Dans un tout autre domaine, quoique faisant partie des comptes de la Nation, sur la base du prix unitaire estimé par la Cour des comptes[1], un Rafale – ce « meilleur avion de chasse au monde » que nous ne parvenons à vendre à personne sinon à nous-mêmes - coûte environ 101 millions d’€, le coût d'entretien par heure de vol atteignant 15 000 euros[2]. Notons qu’il s’agit bien du coût et non du prix de vente, soit 90 millions d’€ pour l’éventuel client indien, le solde étant à régler par le contribuable français. Le 10 janvier 2014, Jean-Yves Le Drian annonçait, « le coup de pouce de l'Etat au Rafale » avec une commande d’urgence d'un milliard d'euros au groupe privé Dassault[3]. Un milliard, soit plus de cinq années de dotations accordées aux Missions locales.

 

Certes, on dira que la construction du Rafale représente des emplois en Gironde, Val d’Oise et Haute-Savoie. Mais, en 2011, l’activité des Missions locales a permis 637 000 entrées en emploi, dont 516 000 en « emplois classiques »[4], ceci alors que le Conseil d’Analyse Economique évoque « un système défaillant » en matière d’accompagnement… faute de moyens : « L’accompagnement est loin d’être intense : en 2008, seuls 11% des non-qualifiés ont eu au moins un entretien par mois et 50% d’entre eux n’ont eu que trois entretiens sur 12 mois. » Ainsi « les structures et les moyens dédiés à l’accompagnement des jeunes en difficulté sont encore trop parcimonieux pour remettre sur les rails les plus défavorisés ». Et le CAE de préconiser – cela en fera soupirer plus d’un – « une réorganisation de l’accompagnement et un triplement des moyens alloués par l’État à l’accompagnement des jeunes » en indiquant que « le taux d’encadrement ne doit guère être inférieur à un conseiller pour trente jeunes en difficulté, comme c’est le cas dans les meilleures expériences d’accompagnement renforcé en France ou à l’étranger, et non un conseiller pour 100 jeunes comme on le constate aujourd’hui en France. »[5]

 

Une simple note de plus à empiler dans l’amnésie des rapports (IGF, IGAS…) comme celle du CESE pour qui « Le service public de l’emploi (SPE) auquel appartiennent les Missions locales pâtit de moyens insuffisants et hétérogènes »[6] ?

 

Toutefois, un peu d’espoir car peut-être va-t-on – enfin ! – dans le bon sens avec les 1 600 € pour l’accompagnement des jeunes en « Garantie Jeunes » dans la mesure où, pour le Comité d’évaluation et de contrôle des politiques publiques, « il est intéressant de relever qu’avec des moyens significatifs (de l’ordre de 1 500 € par jeune, avec des entretiens réguliers), la prestation d’accompagnement renforcé des jeunes décrocheurs prévue par les partenaires sociaux, a permis d’obtenir des résultats très encourageants. »[7]

 

N’empêche… ça en prend du temps. 

« Des choux et des navets ! », objectera-t-on.

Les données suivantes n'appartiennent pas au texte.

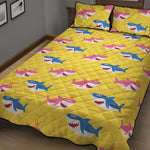 Pink And Blue Shark Pattern Print Quilt Bed Set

Le petit ULM des Missions locales et le gros Rafale de la Défense nationale. Avec toutefois un point commun : c’est l’argent de la Nation. Donc un choix politique. Priorité aux armes ou à la socialisation de la jeunesse ? « Les deux, mon capitaine », répondra-t-on. Puisqu’il s’agit de Rafale.

 

 

[1] Cour des Comptes, Rapport public annuel 2010, février 2010 (in « La conduite des programmes d’armement »).

[2] BFM Business, 2 octobre 2014.

[3] Yvan Stefanovitch, « Les gaspillages du Rafale ou l’aveuglement d’un président »,  Le Huffington Post, 14 janvier 2014.

[4] CNML, Chiffres d’activité 2011.

[5] Pierre Cahuc, Stéphane Carcillo, Klaus F. Zimmermann, « L’emploi des jeunes peu qualifiés en France », CAE, note n° 4, avril 2013.

[6] CESE, Rapport sur l’emploi des jeunes, 2012.

[7] Régis Juanico, Jean-Frédéric Poisson, Rapport d’information sur l’évaluation des politiques publiques en faveur de la mobilité sociale des jeunes, Assemblée nationale, 5 décembre 2013.